WHAT TO DO:
From the line with "Ναγκόρνο-Καραμπάχ: Ο πρόεδρος" through the line with "Yellow Top - Picture 4 of 4", repeat the entries verbatim, both end lines included, and add nothing.

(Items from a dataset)
^^^^

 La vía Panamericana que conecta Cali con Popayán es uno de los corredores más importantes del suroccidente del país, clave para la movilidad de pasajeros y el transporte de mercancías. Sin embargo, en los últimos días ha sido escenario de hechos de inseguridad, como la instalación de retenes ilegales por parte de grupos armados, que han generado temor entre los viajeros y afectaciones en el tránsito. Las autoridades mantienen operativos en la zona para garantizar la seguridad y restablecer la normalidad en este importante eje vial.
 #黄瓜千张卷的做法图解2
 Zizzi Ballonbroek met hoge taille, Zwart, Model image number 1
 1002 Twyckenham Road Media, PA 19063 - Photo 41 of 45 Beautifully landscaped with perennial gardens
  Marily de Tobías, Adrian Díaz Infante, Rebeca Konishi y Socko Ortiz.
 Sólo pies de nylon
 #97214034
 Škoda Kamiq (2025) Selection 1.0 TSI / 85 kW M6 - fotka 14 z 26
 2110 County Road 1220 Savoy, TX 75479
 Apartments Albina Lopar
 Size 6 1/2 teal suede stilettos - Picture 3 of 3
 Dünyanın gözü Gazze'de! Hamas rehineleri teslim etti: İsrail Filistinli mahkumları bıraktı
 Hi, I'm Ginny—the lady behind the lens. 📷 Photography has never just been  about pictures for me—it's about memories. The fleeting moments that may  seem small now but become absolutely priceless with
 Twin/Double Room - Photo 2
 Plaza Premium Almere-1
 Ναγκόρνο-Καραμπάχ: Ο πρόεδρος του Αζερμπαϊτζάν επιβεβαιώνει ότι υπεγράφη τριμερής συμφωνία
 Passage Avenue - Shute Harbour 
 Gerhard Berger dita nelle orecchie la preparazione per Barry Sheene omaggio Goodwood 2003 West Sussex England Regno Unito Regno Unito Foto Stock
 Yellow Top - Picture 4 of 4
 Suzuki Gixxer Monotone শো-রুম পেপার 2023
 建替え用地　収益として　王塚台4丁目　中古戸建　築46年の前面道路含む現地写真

^^^^

WRITTEN ANSWER:
 Ναγκόρνο-Καραμπάχ: Ο πρόεδρος του Αζερμπαϊτζάν επιβεβαιώνει ότι υπεγράφη τριμερής συμφωνία
 Passage Avenue - Shute Harbour 
 Gerhard Berger dita nelle orecchie la preparazione per Barry Sheene omaggio Goodwood 2003 West Sussex England Regno Unito Regno Unito Foto Stock
 Yellow Top - Picture 4 of 4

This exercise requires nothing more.